What needs to be done
Write out, please, the lines from the beginning of the material to the line with "Women Luxury Formal", including both ends and nothing else.

Exercise materials
§
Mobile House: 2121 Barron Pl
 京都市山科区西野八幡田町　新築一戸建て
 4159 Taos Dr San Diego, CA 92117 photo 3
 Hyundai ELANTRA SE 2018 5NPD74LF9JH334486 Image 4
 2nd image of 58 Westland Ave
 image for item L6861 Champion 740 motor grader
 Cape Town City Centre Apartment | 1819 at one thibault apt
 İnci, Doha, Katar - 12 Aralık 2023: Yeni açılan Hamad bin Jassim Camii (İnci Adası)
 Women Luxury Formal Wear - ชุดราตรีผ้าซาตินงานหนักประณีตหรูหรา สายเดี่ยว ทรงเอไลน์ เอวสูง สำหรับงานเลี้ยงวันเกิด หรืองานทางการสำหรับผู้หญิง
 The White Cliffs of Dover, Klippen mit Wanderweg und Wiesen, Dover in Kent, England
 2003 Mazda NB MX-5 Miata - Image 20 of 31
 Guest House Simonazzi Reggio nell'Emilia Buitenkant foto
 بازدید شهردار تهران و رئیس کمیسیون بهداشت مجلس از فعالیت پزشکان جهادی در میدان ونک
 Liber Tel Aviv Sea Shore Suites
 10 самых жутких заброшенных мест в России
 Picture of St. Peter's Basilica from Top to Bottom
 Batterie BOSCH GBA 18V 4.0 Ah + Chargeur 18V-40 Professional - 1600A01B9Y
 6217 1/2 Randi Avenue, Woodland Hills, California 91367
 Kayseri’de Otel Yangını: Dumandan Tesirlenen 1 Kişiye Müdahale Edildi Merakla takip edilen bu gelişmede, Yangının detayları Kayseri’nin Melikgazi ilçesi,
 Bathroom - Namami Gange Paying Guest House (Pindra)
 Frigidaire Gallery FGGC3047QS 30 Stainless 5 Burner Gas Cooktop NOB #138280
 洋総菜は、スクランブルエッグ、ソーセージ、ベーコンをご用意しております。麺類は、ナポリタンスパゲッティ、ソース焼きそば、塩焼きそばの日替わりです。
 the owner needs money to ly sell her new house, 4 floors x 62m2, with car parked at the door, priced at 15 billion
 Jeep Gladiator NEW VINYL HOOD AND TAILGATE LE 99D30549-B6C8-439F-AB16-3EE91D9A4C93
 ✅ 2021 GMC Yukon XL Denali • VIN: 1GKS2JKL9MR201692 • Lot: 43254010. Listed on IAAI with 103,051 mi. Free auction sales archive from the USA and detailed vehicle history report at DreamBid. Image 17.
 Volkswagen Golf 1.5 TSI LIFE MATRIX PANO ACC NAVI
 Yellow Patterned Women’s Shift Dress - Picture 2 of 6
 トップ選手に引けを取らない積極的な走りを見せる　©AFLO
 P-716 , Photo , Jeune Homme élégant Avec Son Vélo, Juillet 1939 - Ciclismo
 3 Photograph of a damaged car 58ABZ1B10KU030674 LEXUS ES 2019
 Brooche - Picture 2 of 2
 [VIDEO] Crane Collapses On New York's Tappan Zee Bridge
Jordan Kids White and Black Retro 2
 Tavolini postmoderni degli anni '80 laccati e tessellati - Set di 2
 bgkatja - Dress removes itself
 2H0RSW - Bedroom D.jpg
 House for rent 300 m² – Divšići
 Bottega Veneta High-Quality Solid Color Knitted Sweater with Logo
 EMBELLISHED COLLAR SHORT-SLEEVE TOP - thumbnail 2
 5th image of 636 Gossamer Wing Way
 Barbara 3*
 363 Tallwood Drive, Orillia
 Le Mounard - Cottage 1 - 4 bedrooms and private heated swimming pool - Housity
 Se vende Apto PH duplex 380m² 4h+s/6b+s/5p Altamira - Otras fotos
§
Response to the task
Mobile House: 2121 Barron Pl
 京都市山科区西野八幡田町　新築一戸建て
 4159 Taos Dr San Diego, CA 92117 photo 3
 Hyundai ELANTRA SE 2018 5NPD74LF9JH334486 Image 4
 2nd image of 58 Westland Ave
 image for item L6861 Champion 740 motor grader
 Cape Town City Centre Apartment | 1819 at one thibault apt
 İnci, Doha, Katar - 12 Aralık 2023: Yeni açılan Hamad bin Jassim Camii (İnci Adası)
 Women Luxury Formal Wear - ชุดราตรีผ้าซาตินงานหนักประณีตหรูหรา สายเดี่ยว ทรงเอไลน์ เอวสูง สำหรับงานเลี้ยงวันเกิด หรืองานทางการสำหรับผู้หญิง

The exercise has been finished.